ASSIGNMENT: Copy word for word, please, the lines of the entries below running from the one containing "Univerzalna autocover za" to the one containing "Lot #2996533937 2015 FORD F-150 XLT", both ends included.

*** Opening DATA LISTING ***

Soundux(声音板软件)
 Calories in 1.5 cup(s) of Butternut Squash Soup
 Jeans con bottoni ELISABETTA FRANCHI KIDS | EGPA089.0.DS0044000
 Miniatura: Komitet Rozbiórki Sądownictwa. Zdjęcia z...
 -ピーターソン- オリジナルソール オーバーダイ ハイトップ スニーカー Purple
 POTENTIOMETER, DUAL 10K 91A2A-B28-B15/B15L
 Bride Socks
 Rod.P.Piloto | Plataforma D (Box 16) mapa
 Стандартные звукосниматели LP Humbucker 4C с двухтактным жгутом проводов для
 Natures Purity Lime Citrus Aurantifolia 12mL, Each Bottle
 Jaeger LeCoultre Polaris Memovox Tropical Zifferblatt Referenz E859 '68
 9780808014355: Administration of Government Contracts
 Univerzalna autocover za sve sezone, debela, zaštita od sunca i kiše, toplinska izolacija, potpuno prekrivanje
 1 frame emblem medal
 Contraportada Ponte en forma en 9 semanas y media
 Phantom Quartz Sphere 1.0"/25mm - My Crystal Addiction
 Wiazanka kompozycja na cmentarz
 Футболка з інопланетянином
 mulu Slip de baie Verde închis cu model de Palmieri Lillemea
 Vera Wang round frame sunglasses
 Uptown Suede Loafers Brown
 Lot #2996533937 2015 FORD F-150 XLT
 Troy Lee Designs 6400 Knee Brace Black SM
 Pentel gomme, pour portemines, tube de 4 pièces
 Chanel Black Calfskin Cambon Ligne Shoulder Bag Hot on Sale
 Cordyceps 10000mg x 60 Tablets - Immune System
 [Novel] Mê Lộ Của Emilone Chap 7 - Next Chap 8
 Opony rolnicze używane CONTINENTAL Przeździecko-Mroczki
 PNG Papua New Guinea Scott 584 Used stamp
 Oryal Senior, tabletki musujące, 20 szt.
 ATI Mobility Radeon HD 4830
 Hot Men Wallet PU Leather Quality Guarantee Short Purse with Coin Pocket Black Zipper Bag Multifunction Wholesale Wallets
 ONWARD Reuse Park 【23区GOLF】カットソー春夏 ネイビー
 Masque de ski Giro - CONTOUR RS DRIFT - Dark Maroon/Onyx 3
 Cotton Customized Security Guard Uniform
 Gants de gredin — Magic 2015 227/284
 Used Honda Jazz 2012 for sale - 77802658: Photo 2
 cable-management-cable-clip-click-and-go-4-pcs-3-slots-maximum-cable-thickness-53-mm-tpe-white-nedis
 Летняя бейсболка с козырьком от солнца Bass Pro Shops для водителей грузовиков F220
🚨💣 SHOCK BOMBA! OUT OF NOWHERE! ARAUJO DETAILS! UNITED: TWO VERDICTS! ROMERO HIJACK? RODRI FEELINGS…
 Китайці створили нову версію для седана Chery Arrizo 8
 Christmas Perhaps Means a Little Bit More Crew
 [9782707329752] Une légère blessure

*** Closing DATA LISTING ***

RESULT OF THIS EXERCISE:
 Univerzalna autocover za sve sezone, debela, zaštita od sunca i kiše, toplinska izolacija, potpuno prekrivanje
 1 frame emblem medal
 Contraportada Ponte en forma en 9 semanas y media
 Phantom Quartz Sphere 1.0"/25mm - My Crystal Addiction
 Wiazanka kompozycja na cmentarz
 Футболка з інопланетянином
 mulu Slip de baie Verde închis cu model de Palmieri Lillemea
 Vera Wang round frame sunglasses
 Uptown Suede Loafers Brown
 Lot #2996533937 2015 FORD F-150 XLT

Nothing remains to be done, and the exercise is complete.